Jetzt muss das Gebäude geräumt werden. „Damit wird ein Traum wahr“, sagt der ehemalige sozialdemokratische Bürgermeister Roms Walter Veltroni. Er und seine linken und auch rechten Kollegen hatten immer wieder versucht, das Gebäude räumen zu lassen. Doch zu einem endgültigen Gerichtsentscheid war es aus den verschiedensten Gründen nie gekommen. Neben dem Räumungsbefehl müssen sich auch 16 führende Mitglieder der Casa Pound vor Gericht verantworten.
Im Mai entschied das Gericht Rom, auf Nachfrage eines Staatsanwalts, die Räumung. Begründet wird diese Entscheidung auch mit dem
Verweis auf den finanziellen
Schaden, den die
17-jährige Hausbesetzung für den Staat, den Eigentümer der Immobile, bedeutet. Einem Bericht des italienischen Rechnungshofes zufolge sind dem Fiskus mindestens 4,3 Mio. Euro an Einnahmen durch die Besetzung entgangen.
Auch der Kommune entstanden Kosten durch die Hausbesetzung. Aus bis heute nicht geklärten Umständen wurden den Neofaschisten weder Strom, Gas noch Trinkwasser abgestellt. Die Kommune, egal ob links oder rechts regiert, zahlte immer wieder die Rechnungen.
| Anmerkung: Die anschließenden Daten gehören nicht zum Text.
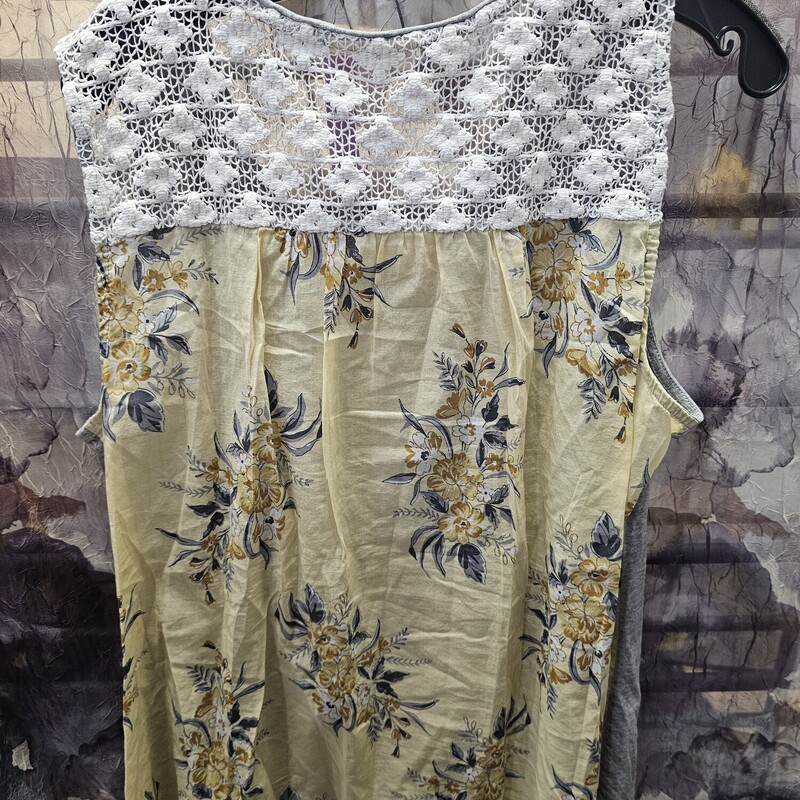 Super cute tank with grey knit in front and poly panel in the back in yellow with floral print.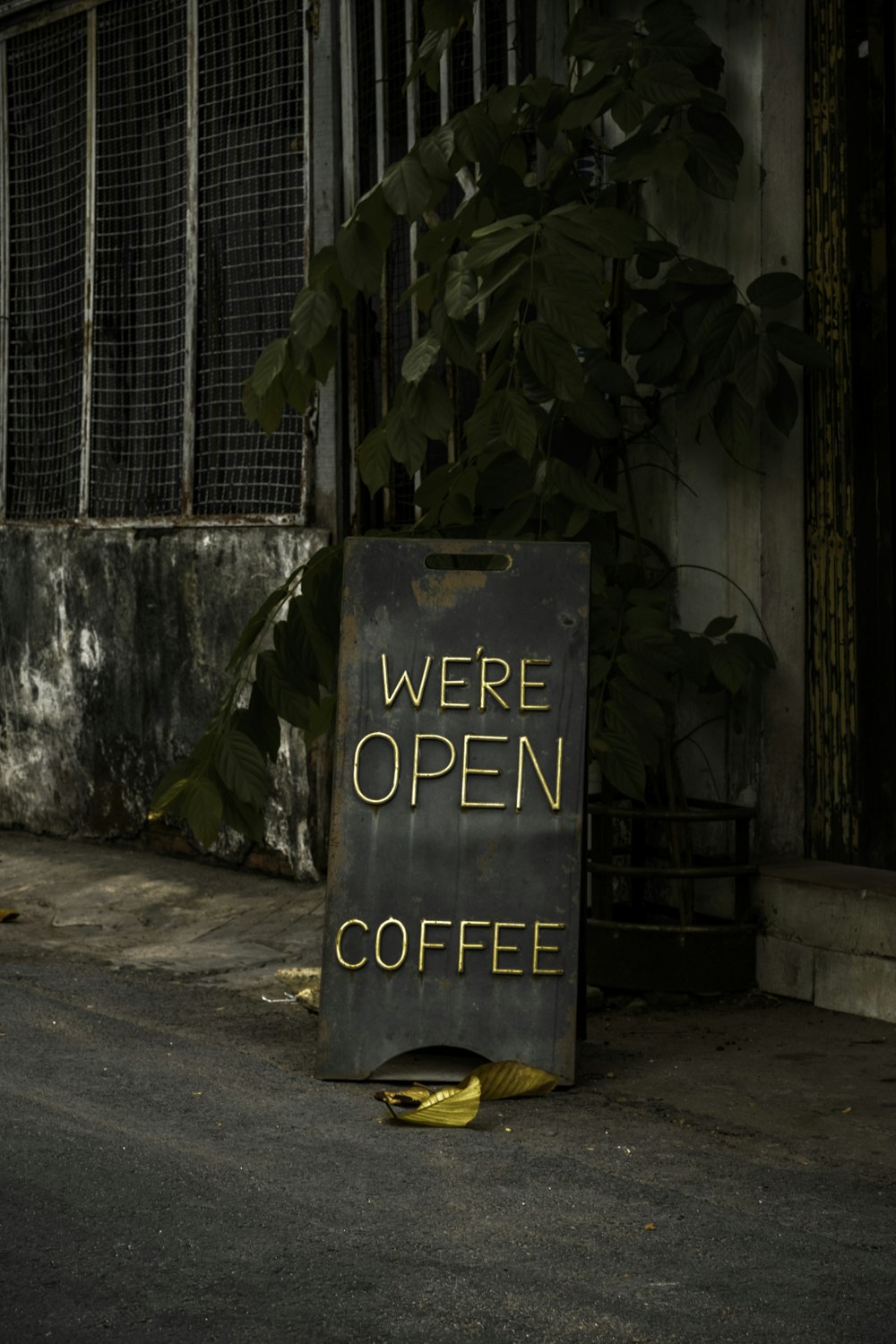 blue and yellow wooden signage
Gegen Casa Pound klagte auch Roms amtierende Bürgermeisterin Virginia Raggi. Wegen illegaler Hausbesetzung und Verbreitung von ausländerfeindlicher und homophober Propaganda. Wie es aussieht, wird der Fall Casa Pound also bald ein Ende finden. Doch wann? Die Hausbesetzer wollen nicht räumen. Sie organisierten, zusammen mit anderen neofaschistischen und rechtsradikalen Gruppierungen, in Rom eine Demonstration, bei der es zu gewalttätigen Zusammenstößen mit der Polizei kam. „Wir werden unser Recht auf dieses Wohnhaus mit allen Mitteln verteidigen“, so Casa-Pound-Gründer Iannone. Nicht ausgeschlossen ist eine gewaltsame Räumung des Gebäudes.
Der Fall Casa Pound wirft auch eine grundsätzliche Frage auf. „Das sind Neofaschisten, die verbreiten neofaschistische Propaganda und genau das dürfen sie nicht“, so der prominente Philosoph Massimo Cacciari. Italiens Verfassung, erklärt Cacciari, „verbietet jede Form neofaschistischer Propaganda“. Die aber, so auch Paolo Berizzi, auf Italiens Rechtsradikale spezialisierter Journalist der Tageszeitung „la Repubblica“, „seit Gründung unserer Republik geduldet werden, und von einigen Parteien, darunter auch die Lega von Matteo Salvini, als politische Helfer genutzt wurden und werden“.
Casa Pound und andere neofaschistische Gruppierungen kommen in Italien auf nicht einmal ein Prozent der Wählerstimmen. Doch in Rom und in Ostia bei Rom genießen diese Vereinigungen in einigen ärmeren Stadtrandvierteln großen Zuspruch. In Ostia ist es vor einigen Tagen Roms Bürgermeisterin Raggi nicht gelungen, ihren Wagen zu verlassen. Von Mitgliedern der Casa Pound angestachelte Anwohner bedrohten die Bürgermeisterin, die aus Furcht vor einem Übergriff im Wagen blieb. Journalisten, die in Ostia aber auch in Rom versuchen, zum Thema Casa Pound zu recherchieren, weiß Journalist Berizzi aus eigener Erfahrung, „müssen nicht selten damit rechnen, bedroht und zusammengeschlagen zu werden“. Fast immer kommt die herbeigerufene Polizei zu spät. „Dass es bei unseren Ordnungskräften“, so Berizzi, „nicht wenige rechtsradikale Sympathisanten gibt, ist ja bekannt“.
Mit Spannung wird das Datum der Räumung der Casa Pound in Rom erwartet. Es wird mit Zusammenstößen zwischen Ordnungskräften und den Neofaschisten gerechnet.